LeanLaw in all of these will give you the option to click that and just create a new account in QuickBooks. We already have one set up, so we’re going to use that, but if you don’t want to come up with weird funny names just use the default, that’ll work just fine.
You’ll then pick the product or service. Like I was saying this is the item that shows up on the invoice. Now, if this is your first time setting it up you have the ability to sync in those hard costs that you may have already entered in QuickBooks, so long as they’re in that prepaid expense account already. If they’re not, they won’t sync in. But this is asking: Hey, from what date range would you like to sync those expenses in, if at all?
Click next. Now this is a fun one that trips a lot of people up. Essentially, this is asking: Hey, do you want to use the same asset account or a different asset account to track your hard and soft costs? Most of the time I think there is probably never a reason to pick same here. This might be in the same category of that red delete button that I said maybe we shouldn’t even have in there. I don’t think there’s any reason not to pick differently here, you really do not want to handle these expenses the same way.
That’s the kind of short version here a little more detailed or a little more explicit definition but yes. The default and the one you want to pick is different. Then we go through and actually set up the same thing for soft costs but instead of being an asset account this time it’s an income account. Same thing, we’ll pick that account and then we’ll pick the product and service. Now if you’ve already gotten these set up, or you did it when you first started, you’ll see edit expense settings here. If you click that it gives us a nice overview of the exact settings that we just covered, but it shows all of them at once giving us the account for both soft and hard costs as well as the product and service for both.

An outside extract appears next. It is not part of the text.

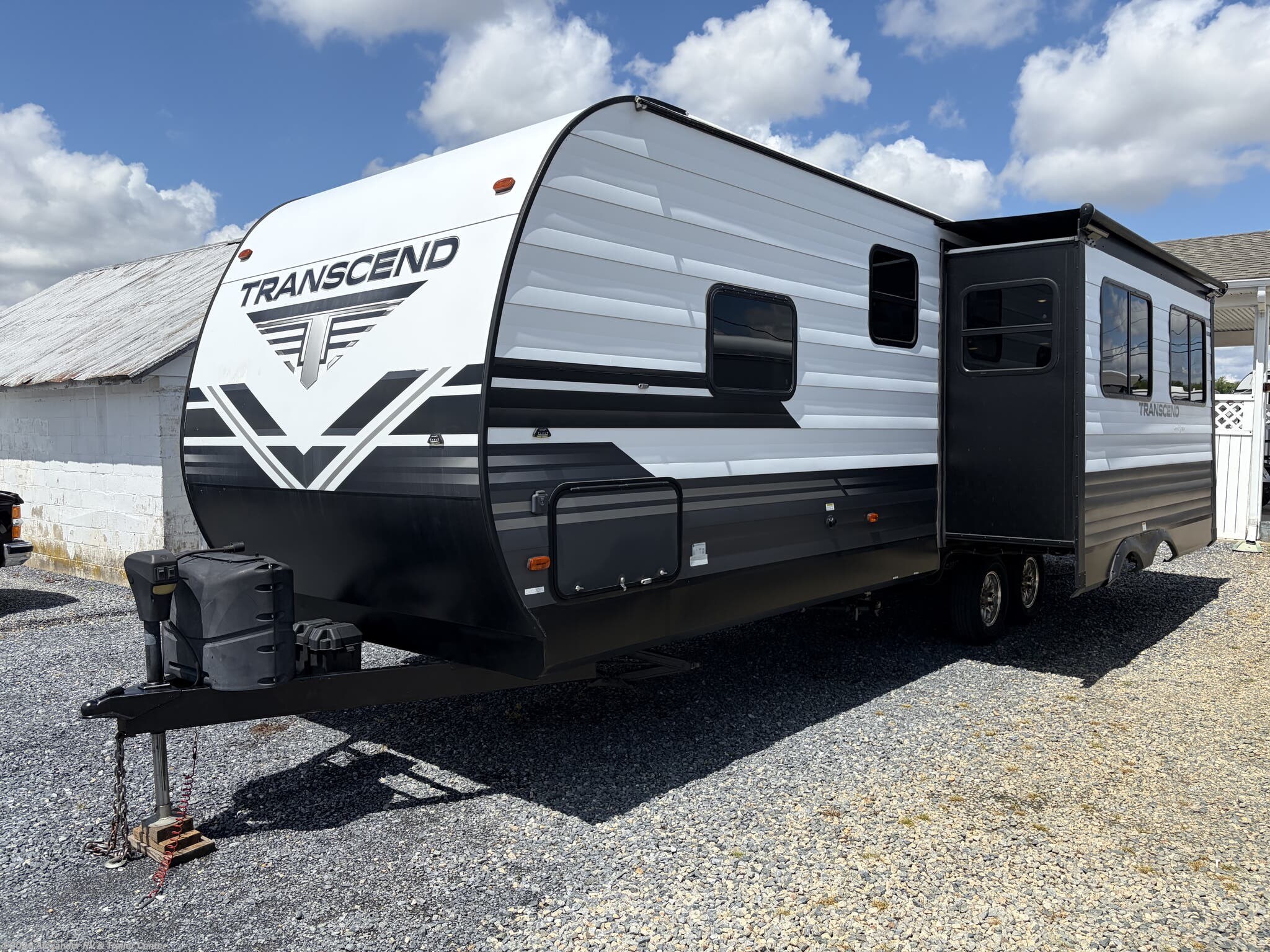2019 Grand Design Transcend 26RLS - Used Travel Trailer For Sale by Alexander RV & Trailer Center in Clayton, Delaware features Stabilizer Jacks, TV Antenna, Shower, Queen Bed, Slideout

There is a little checkbox here hidden away that includes vendor payee names in the descriptions. If you want to include the vendor or payee name on the description of the invoice that is client-facing you’re able to do that here. I don’t believe most firms actually use that, they might not be aware that it’s really handy. If you have bills or expenses that come in that describe the item for that bill or expense, it’s unlikely to be enough for billing it on to the client. I would seriously consider checking this, because it means you don’t have to edit those items once they get on the invoice.
That’s surprisingly straightforward getting the expense sync set up so to just reiterate and come back to the picture here the hard costs are the ones that we’re entering in QuickBooks. That was the first account we talked about, and the soft costs are the ones that are entered in LeanLaw. The second one that we talked about is the hard cost of the asset account. The soft cost of the income account, the matters once they get sent to QuickBooks and the way that they’re accounted for later.